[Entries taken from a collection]

--- --- ---

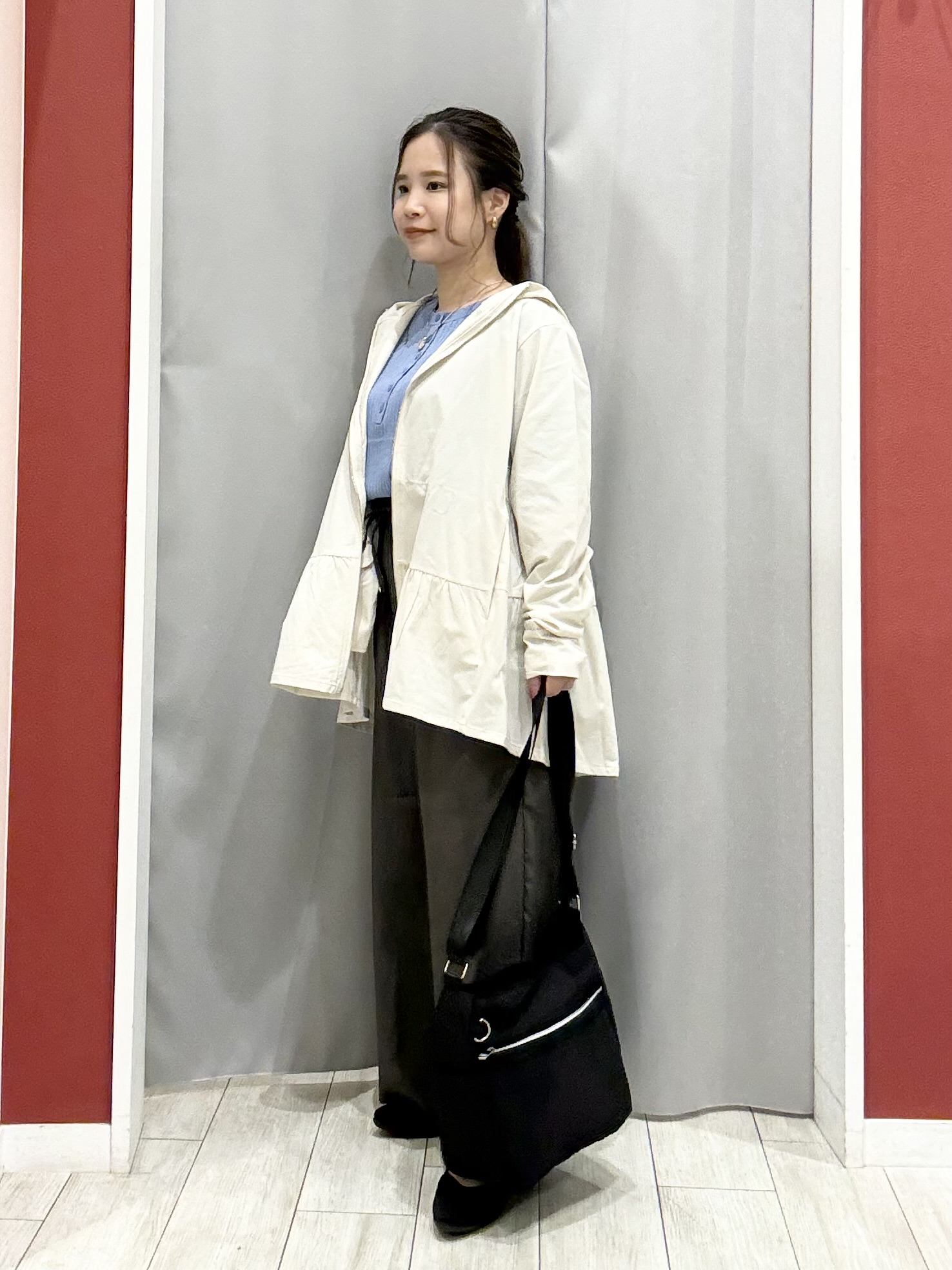 shioさんの「SHOO･LA･RUE｜【洗濯機可/S-LL/UVカット】さりげない甘さをプラスする ティアードパーカー」を使ったコーディネート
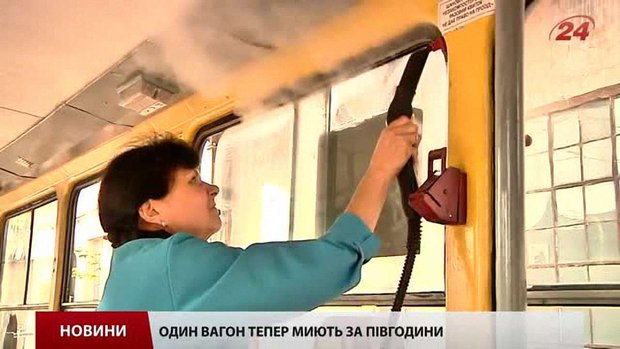 У Львові трамваї і тролейбуси почали прибирати порохотягами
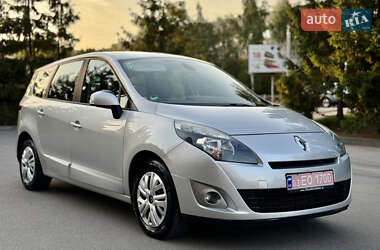 Renault Grand Scenic 2012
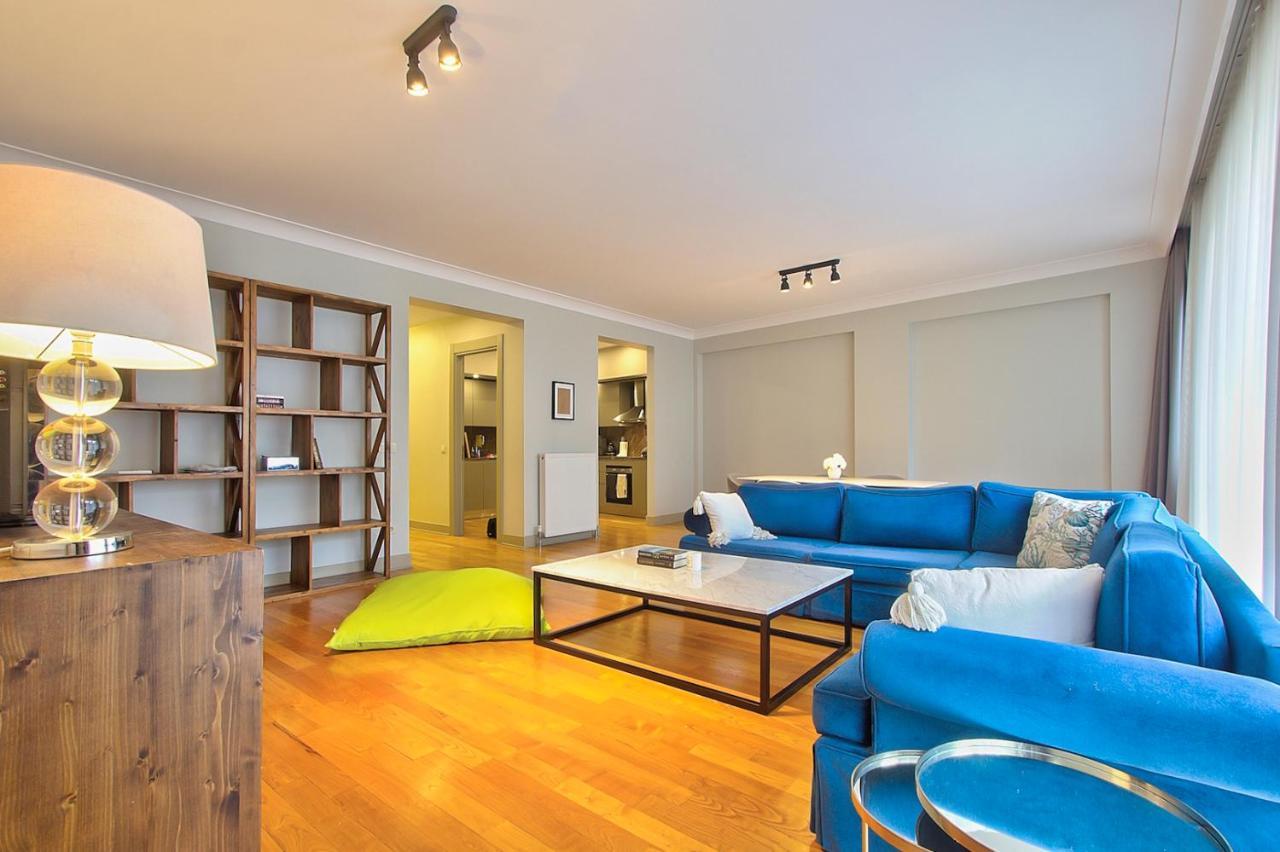 New Build With Modern Amenities And Balcony Apartment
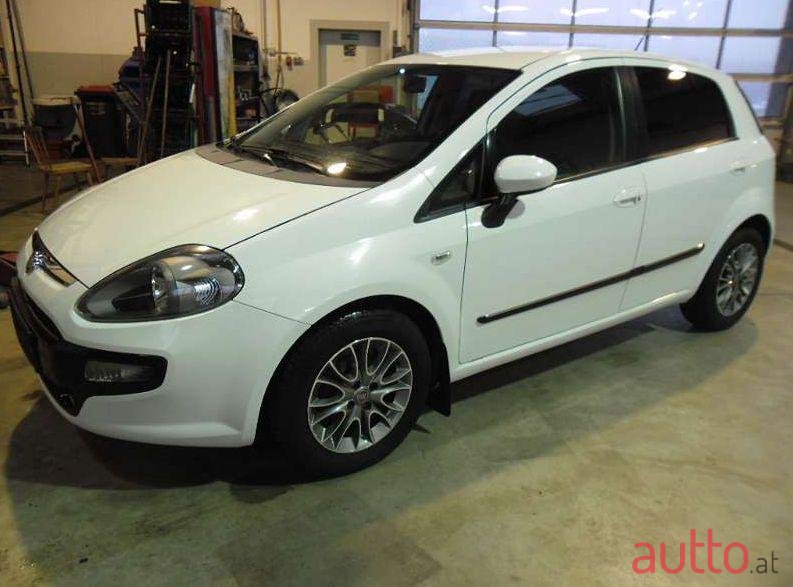 2011' Fiat Punto photo #1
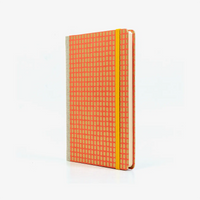 Wochenplaner-12x16_5cm-spaltenaufteilung-Cover-Chiyogami-Motiv-goldene-Vierecke-auf-peachy-seitlich-von-vorn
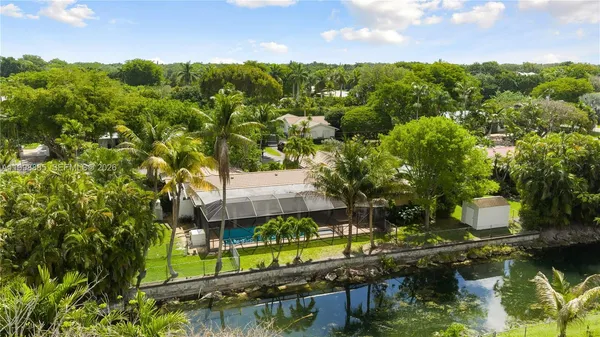 $1,790,000 | 11490 Southwest 72nd Court, Pinecrest, FL 33156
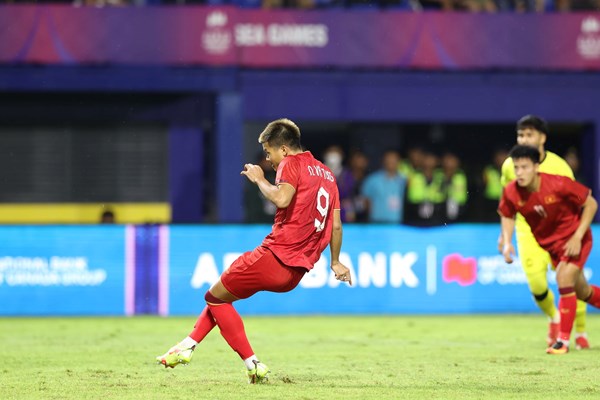 Thắng Malaysia, U22 Việt Nam vào bán kết SEA Games 32 - Anh 2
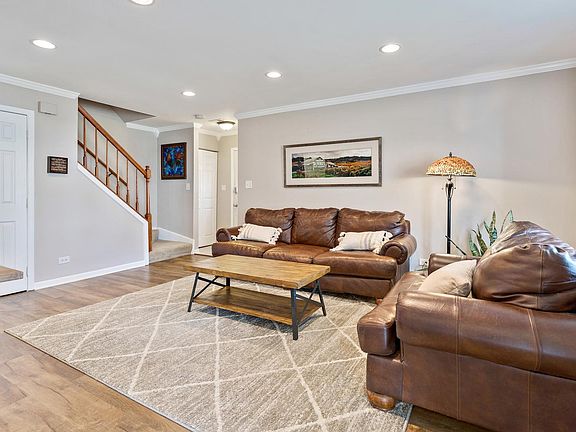 4th image of 1009 Cleveland Ct #260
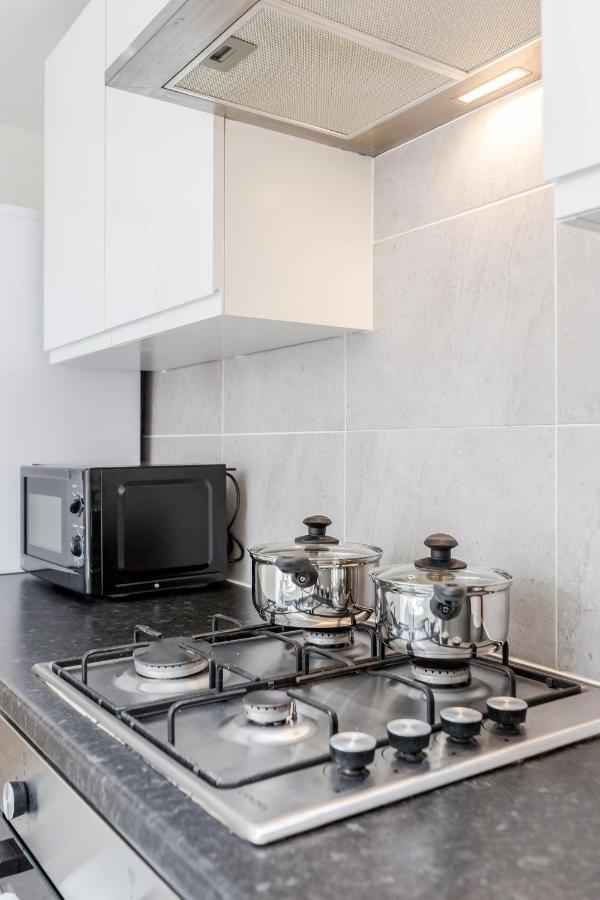 2 Bedroom Serviced Apartment London Exterior photo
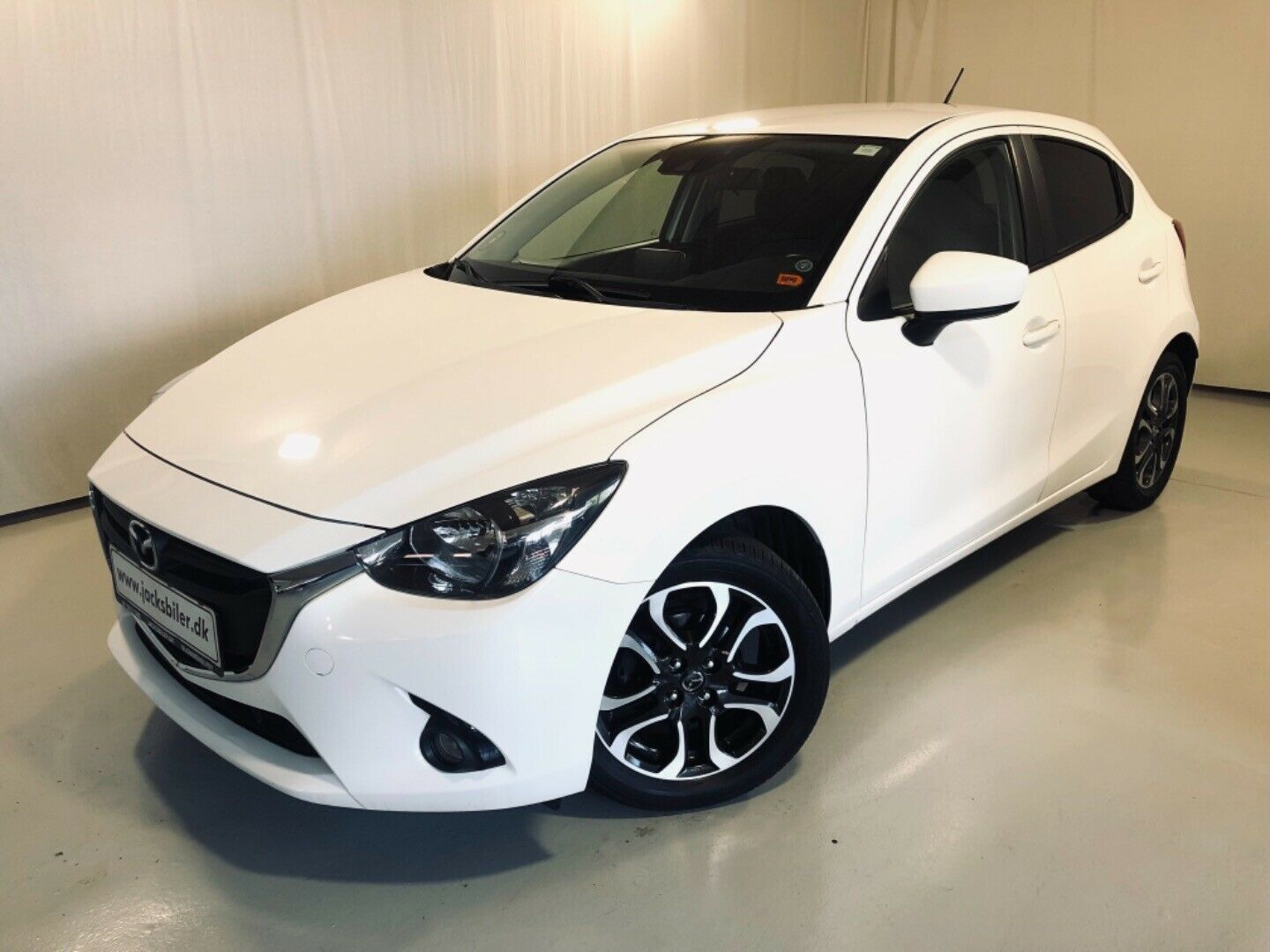 Hvid Mazda 2 fra 2015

--- --- ---

All lines from the one containing "2011' Fiat Punto photo #1" to the last line of the records above, and no others, should be returned unchanged, without pictures.

● RESPONSE AREA:
 2011' Fiat Punto photo #1
 Wochenplaner-12x16_5cm-spaltenaufteilung-Cover-Chiyogami-Motiv-goldene-Vierecke-auf-peachy-seitlich-von-vorn
 $1,790,000 | 11490 Southwest 72nd Court, Pinecrest, FL 33156
 Thắng Malaysia, U22 Việt Nam vào bán kết SEA Games 32 - Anh 2
 4th image of 1009 Cleveland Ct #260
 2 Bedroom Serviced Apartment London Exterior photo
 Hvid Mazda 2 fra 2015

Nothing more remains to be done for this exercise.